* **Material for the task**:
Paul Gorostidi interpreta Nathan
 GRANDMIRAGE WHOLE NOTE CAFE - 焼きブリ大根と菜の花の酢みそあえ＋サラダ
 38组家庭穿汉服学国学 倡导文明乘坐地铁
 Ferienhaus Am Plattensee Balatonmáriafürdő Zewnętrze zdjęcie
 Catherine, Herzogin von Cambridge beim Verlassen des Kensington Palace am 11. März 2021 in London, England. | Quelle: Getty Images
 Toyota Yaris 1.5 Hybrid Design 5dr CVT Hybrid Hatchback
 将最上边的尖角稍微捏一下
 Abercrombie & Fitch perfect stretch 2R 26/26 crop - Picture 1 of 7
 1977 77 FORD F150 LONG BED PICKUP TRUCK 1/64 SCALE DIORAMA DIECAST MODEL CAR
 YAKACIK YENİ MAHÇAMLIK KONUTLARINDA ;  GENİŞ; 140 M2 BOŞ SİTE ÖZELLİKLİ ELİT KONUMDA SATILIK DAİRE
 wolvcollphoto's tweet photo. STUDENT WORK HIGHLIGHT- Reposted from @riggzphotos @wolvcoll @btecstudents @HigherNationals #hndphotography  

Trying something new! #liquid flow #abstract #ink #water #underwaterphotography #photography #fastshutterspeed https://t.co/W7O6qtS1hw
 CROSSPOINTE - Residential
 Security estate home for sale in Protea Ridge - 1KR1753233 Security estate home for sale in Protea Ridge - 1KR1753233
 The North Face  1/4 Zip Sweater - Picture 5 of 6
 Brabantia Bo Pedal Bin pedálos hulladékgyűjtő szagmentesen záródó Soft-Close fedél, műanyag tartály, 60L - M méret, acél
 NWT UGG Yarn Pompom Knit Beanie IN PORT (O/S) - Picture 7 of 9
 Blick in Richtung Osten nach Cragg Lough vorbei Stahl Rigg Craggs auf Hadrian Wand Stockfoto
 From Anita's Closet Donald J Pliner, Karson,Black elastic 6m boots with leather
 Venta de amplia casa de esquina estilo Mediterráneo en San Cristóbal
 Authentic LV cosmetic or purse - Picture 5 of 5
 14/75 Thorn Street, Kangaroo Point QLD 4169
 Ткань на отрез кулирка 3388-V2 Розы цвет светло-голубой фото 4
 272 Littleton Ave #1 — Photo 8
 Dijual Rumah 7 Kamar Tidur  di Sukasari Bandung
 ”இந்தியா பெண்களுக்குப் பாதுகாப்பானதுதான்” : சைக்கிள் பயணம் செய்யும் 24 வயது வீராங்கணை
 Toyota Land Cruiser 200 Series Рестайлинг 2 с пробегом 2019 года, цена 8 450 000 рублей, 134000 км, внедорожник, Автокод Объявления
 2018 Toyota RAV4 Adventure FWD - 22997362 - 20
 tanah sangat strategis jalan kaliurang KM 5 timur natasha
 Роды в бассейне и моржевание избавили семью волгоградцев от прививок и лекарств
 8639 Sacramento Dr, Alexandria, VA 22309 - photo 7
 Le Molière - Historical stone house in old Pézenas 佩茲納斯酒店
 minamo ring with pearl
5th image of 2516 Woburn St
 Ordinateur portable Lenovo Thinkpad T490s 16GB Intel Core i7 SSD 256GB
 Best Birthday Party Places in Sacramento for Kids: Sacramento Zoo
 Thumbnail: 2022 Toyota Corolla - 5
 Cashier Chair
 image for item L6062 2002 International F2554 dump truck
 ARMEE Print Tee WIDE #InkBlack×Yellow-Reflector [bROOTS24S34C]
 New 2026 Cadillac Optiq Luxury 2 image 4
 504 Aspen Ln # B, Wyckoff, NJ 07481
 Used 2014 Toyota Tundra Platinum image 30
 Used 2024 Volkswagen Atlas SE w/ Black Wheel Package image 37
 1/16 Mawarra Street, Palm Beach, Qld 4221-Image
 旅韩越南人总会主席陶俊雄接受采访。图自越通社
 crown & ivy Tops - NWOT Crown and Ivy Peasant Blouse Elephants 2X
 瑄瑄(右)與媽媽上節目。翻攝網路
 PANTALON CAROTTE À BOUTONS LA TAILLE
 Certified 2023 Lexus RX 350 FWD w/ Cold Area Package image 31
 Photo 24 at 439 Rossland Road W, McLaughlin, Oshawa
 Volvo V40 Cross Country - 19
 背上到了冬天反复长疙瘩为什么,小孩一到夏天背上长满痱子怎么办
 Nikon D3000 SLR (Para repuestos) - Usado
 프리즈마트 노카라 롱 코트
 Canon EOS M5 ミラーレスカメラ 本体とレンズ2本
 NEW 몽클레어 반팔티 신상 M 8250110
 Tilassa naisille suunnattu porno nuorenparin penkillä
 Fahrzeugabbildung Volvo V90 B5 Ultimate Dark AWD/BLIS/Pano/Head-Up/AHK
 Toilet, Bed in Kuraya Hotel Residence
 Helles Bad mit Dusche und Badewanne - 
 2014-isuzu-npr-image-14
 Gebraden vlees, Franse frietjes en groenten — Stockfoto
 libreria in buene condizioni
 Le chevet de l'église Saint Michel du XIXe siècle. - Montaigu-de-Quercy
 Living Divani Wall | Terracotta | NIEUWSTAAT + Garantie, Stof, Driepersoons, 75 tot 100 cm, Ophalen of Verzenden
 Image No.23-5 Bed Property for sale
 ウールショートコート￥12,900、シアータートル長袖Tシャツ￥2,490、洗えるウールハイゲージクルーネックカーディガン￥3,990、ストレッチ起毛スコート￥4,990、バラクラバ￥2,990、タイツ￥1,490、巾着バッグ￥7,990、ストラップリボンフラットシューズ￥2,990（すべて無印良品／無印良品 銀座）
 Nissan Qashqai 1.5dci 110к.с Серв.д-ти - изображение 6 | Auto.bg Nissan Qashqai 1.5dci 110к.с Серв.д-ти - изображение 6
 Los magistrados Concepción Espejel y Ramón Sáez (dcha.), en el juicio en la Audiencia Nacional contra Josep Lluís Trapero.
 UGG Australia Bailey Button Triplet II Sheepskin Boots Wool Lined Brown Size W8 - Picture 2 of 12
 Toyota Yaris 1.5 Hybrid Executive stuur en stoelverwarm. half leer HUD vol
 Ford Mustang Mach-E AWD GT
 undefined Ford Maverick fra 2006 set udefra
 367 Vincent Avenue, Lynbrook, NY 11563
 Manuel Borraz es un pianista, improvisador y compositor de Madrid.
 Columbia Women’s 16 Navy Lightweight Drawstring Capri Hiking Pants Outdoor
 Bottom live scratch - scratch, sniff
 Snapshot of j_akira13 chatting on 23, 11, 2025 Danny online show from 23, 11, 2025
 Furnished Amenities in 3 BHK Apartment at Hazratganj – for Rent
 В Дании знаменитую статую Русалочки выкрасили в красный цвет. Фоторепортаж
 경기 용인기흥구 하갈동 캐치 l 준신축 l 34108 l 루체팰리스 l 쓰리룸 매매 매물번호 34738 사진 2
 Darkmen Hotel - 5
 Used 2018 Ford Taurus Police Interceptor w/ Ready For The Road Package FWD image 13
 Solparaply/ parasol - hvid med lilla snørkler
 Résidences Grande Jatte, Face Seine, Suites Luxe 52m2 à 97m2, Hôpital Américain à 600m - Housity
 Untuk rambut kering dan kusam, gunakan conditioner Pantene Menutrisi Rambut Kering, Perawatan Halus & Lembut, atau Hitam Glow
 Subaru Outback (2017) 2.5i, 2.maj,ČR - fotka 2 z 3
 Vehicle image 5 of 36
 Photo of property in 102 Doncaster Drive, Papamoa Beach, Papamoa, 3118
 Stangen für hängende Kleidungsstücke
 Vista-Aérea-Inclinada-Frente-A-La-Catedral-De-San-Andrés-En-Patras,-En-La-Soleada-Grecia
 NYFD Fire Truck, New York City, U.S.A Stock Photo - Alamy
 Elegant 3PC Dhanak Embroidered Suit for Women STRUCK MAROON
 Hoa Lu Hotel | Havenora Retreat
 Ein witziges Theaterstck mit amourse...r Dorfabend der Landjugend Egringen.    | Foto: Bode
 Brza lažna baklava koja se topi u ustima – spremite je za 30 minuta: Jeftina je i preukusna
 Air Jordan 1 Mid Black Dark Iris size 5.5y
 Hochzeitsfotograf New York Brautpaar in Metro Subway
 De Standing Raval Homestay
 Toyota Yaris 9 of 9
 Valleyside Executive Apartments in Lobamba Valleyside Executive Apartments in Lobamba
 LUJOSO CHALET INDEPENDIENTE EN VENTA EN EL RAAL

* **Problem to solve**:
Go through the material above and output exactly the lines from the one containing "将最上边的尖角稍微捏一下" through the one containing "504 Aspen Ln # B, Wyckoff, NJ 07481".

* **Exercise output**:
 将最上边的尖角稍微捏一下
 Abercrombie & Fitch perfect stretch 2R 26/26 crop - Picture 1 of 7
 1977 77 FORD F150 LONG BED PICKUP TRUCK 1/64 SCALE DIORAMA DIECAST MODEL CAR
 YAKACIK YENİ MAHÇAMLIK KONUTLARINDA ;  GENİŞ; 140 M2 BOŞ SİTE ÖZELLİKLİ ELİT KONUMDA SATILIK DAİRE
 wolvcollphoto's tweet photo. STUDENT WORK HIGHLIGHT- Reposted from @riggzphotos @wolvcoll @btecstudents @HigherNationals #hndphotography  

Trying something new! #liquid flow #abstract #ink #water #underwaterphotography #photography #fastshutterspeed https://t.co/W7O6qtS1hw
 CROSSPOINTE - Residential
 Security estate home for sale in Protea Ridge - 1KR1753233 Security estate home for sale in Protea Ridge - 1KR1753233
 The North Face  1/4 Zip Sweater - Picture 5 of 6
 Brabantia Bo Pedal Bin pedálos hulladékgyűjtő szagmentesen záródó Soft-Close fedél, műanyag tartály, 60L - M méret, acél
 NWT UGG Yarn Pompom Knit Beanie IN PORT (O/S) - Picture 7 of 9
 Blick in Richtung Osten nach Cragg Lough vorbei Stahl Rigg Craggs auf Hadrian Wand Stockfoto
 From Anita's Closet Donald J Pliner, Karson,Black elastic 6m boots with leather
 Venta de amplia casa de esquina estilo Mediterráneo en San Cristóbal
 Authentic LV cosmetic or purse - Picture 5 of 5
 14/75 Thorn Street, Kangaroo Point QLD 4169
 Ткань на отрез кулирка 3388-V2 Розы цвет светло-голубой фото 4
 272 Littleton Ave #1 — Photo 8
 Dijual Rumah 7 Kamar Tidur  di Sukasari Bandung
 ”இந்தியா பெண்களுக்குப் பாதுகாப்பானதுதான்” : சைக்கிள் பயணம் செய்யும் 24 வயது வீராங்கணை
 Toyota Land Cruiser 200 Series Рестайлинг 2 с пробегом 2019 года, цена 8 450 000 рублей, 134000 км, внедорожник, Автокод Объявления
 2018 Toyota RAV4 Adventure FWD - 22997362 - 20
 tanah sangat strategis jalan kaliurang KM 5 timur natasha
 Роды в бассейне и моржевание избавили семью волгоградцев от прививок и лекарств
 8639 Sacramento Dr, Alexandria, VA 22309 - photo 7
 Le Molière - Historical stone house in old Pézenas 佩茲納斯酒店
 minamo ring with pearl
5th image of 2516 Woburn St
 Ordinateur portable Lenovo Thinkpad T490s 16GB Intel Core i7 SSD 256GB
 Best Birthday Party Places in Sacramento for Kids: Sacramento Zoo
 Thumbnail: 2022 Toyota Corolla - 5
 Cashier Chair
 image for item L6062 2002 International F2554 dump truck
 ARMEE Print Tee WIDE #InkBlack×Yellow-Reflector [bROOTS24S34C]
 New 2026 Cadillac Optiq Luxury 2 image 4
 504 Aspen Ln # B, Wyckoff, NJ 07481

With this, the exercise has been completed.